┌────────
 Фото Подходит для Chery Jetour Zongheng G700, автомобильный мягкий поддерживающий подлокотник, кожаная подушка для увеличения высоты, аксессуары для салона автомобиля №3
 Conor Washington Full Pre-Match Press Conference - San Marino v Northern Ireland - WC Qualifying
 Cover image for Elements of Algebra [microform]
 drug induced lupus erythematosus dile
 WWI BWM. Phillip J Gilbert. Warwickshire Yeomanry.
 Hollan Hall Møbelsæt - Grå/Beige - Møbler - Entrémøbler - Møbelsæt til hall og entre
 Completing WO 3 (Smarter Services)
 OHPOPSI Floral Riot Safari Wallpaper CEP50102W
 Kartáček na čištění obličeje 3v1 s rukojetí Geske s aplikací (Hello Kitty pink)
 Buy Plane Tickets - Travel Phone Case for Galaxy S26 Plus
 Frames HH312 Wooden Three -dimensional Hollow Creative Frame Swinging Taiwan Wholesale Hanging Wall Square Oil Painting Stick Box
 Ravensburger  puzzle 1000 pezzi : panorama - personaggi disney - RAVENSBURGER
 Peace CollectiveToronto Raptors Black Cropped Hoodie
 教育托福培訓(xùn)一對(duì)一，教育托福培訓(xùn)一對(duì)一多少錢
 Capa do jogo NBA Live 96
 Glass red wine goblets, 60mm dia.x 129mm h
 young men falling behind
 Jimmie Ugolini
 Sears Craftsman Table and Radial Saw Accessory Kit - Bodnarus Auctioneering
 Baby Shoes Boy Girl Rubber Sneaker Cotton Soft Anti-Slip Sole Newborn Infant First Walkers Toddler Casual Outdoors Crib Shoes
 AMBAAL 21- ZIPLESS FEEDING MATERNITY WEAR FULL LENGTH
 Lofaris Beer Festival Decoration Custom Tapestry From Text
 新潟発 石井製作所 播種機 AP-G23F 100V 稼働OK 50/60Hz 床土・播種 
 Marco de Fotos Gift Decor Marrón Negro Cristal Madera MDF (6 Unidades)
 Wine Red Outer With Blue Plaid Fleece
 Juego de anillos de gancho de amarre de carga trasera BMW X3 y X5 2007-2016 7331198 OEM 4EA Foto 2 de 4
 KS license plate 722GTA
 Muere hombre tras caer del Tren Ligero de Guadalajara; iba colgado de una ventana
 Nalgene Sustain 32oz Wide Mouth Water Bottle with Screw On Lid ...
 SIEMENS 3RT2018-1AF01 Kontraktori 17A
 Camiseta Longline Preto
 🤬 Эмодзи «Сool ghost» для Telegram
└────────
Exercise description: Repeat, character for character, the lines of the material above from the line with "Glass red wine goblets, 60mm dia.x 129mm h" through the line with "SIEMENS 3RT2018-1AF01 Kontraktori 17A".

Solved exercise:
 Glass red wine goblets, 60mm dia.x 129mm h
 young men falling behind
 Jimmie Ugolini
 Sears Craftsman Table and Radial Saw Accessory Kit - Bodnarus Auctioneering
 Baby Shoes Boy Girl Rubber Sneaker Cotton Soft Anti-Slip Sole Newborn Infant First Walkers Toddler Casual Outdoors Crib Shoes
 AMBAAL 21- ZIPLESS FEEDING MATERNITY WEAR FULL LENGTH
 Lofaris Beer Festival Decoration Custom Tapestry From Text
 新潟発 石井製作所 播種機 AP-G23F 100V 稼働OK 50/60Hz 床土・播種 
 Marco de Fotos Gift Decor Marrón Negro Cristal Madera MDF (6 Unidades)
 Wine Red Outer With Blue Plaid Fleece
 Juego de anillos de gancho de amarre de carga trasera BMW X3 y X5 2007-2016 7331198 OEM 4EA Foto 2 de 4
 KS license plate 722GTA
 Muere hombre tras caer del Tren Ligero de Guadalajara; iba colgado de una ventana
 Nalgene Sustain 32oz Wide Mouth Water Bottle with Screw On Lid ...
 SIEMENS 3RT2018-1AF01 Kontraktori 17A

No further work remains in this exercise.